Gators freshman Moss talks on father figure
JAN 24, 2013 1:56p ET
GAINESVILLE, Fla. — Those big brown eyes give it away. If you compare images of the two, it's not difficult to see the resemblance.
Sydney Moss is so used to the questions by now that they hardly faze the 18-year-old University of Florida freshman basketball player. She smiles with those cheerful eyes and politely answers questions about her famous father in her soft Southern accent.
It's been this way since the first time a reporter asked to interview her. To the best of her recollection, it was sometime over the summer before her freshman year of high school.
She was at an AAU tournament, and after a game, someone approached her and asked for an interview.
Soon, headlines like these began to appear:
"Randy Moss' daughter raises eyebrows on basketball court"
"Daughter of Randy Moss named Miss Basketball in Kentucky"
"Randy Moss' daughter accepts basketball scholarship at Florida"

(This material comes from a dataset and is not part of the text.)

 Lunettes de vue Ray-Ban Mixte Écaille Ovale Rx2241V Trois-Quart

Randy Moss, the future Pro Football Hall of Fame receiver preparing to play in the Super Bowl for the San Francisco 49ers, was not with her the day Sydney remembers doing her first interview.
Frank Offutt was.
Unlike Sydney's father, Frank Montgomery Offutt is not a household name. He was born in Williamson, W.Va., and later graduated from Williamson High School. He is a member of the school's athletic hall of fame, a fine baseball player in his day.
Offutt went on to attend West Virginia and played on the Mountaineers' freshman baseball team. He graduated with a degree in mechanical engineering and then remained close to home, putting together a long and successful engineering career in the Kanawha Valley chemical industry and raising three daughters with Sissy Offutt, his wife of 47 years.

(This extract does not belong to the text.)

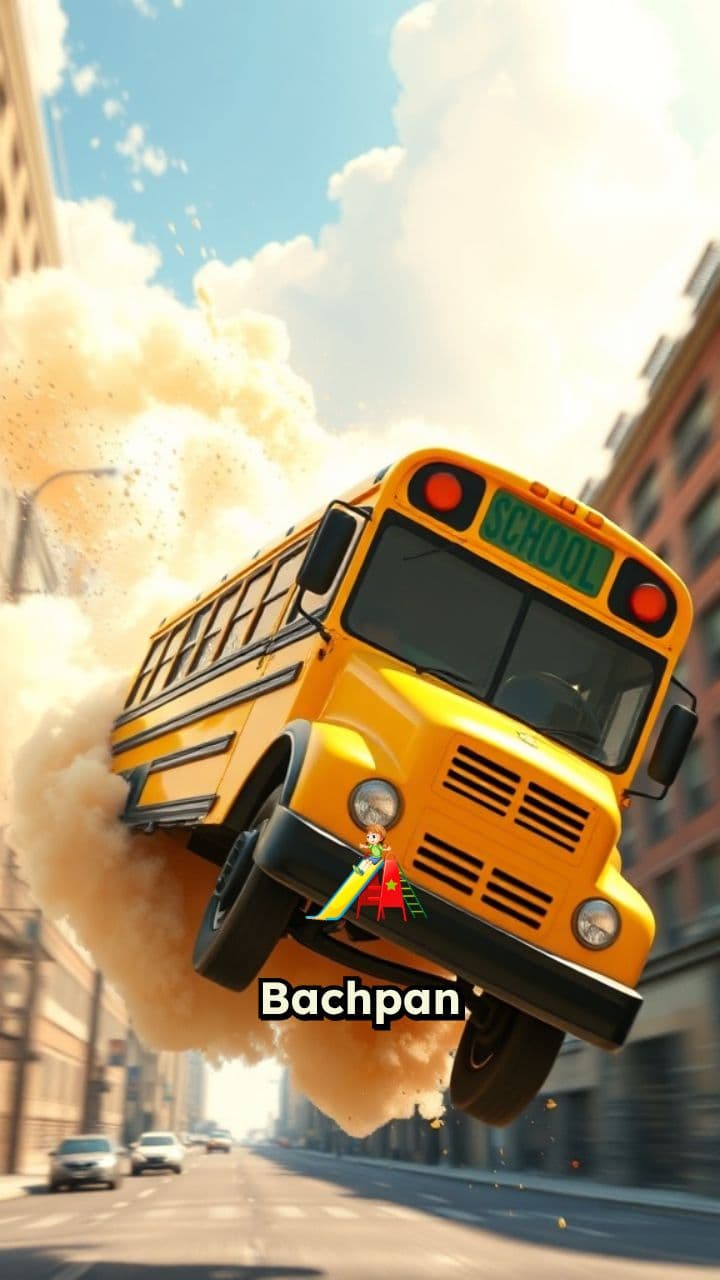 School Bus ki Action Movie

Those three daughters bore Offutt nine grandchildren. Sydney is the oldest.
"He was just as much her dad as he was mine,'' said Libby Offutt, Sydney's mom. “She was something special to him."

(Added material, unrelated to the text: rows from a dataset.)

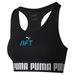 x BFT Mid Impact Training Bra in Black/Bft, Size XS by PUMA. Available at Puma for $40.00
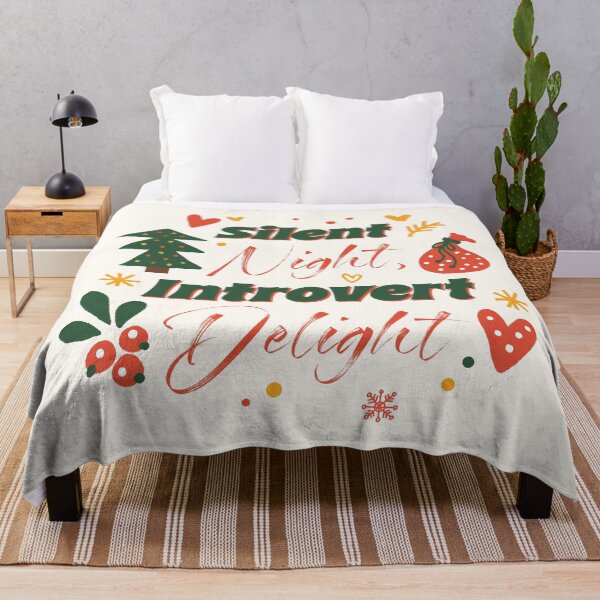 Item preview, Silent Night Introvert Delight – Funny Holiday Art for Quiet Christmas Lovers designed and sold by imaniko.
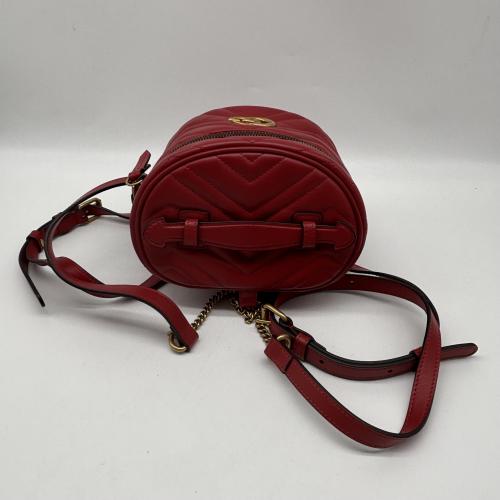 Gucci GG Marmont Matelasse Calfskin Round Backpack photo 6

Once a promising swimmer, Libby was in high school when she got pregnant with Sydney. Her relationship with Moss, considered one of the finest athletes ever produced by the Mountain State, made headlines for some of the wrong reasons.
Frank was always a constant in what at times could be an unstable existence for Libby and Sydney, the oldest of her five children.
She and Sydney lived with her parents until Sydney was 4. As Sydney developed into a promising athlete like her father, Frank was most often the one cheering from the bleachers or asking Sydney about her batting stance in softball.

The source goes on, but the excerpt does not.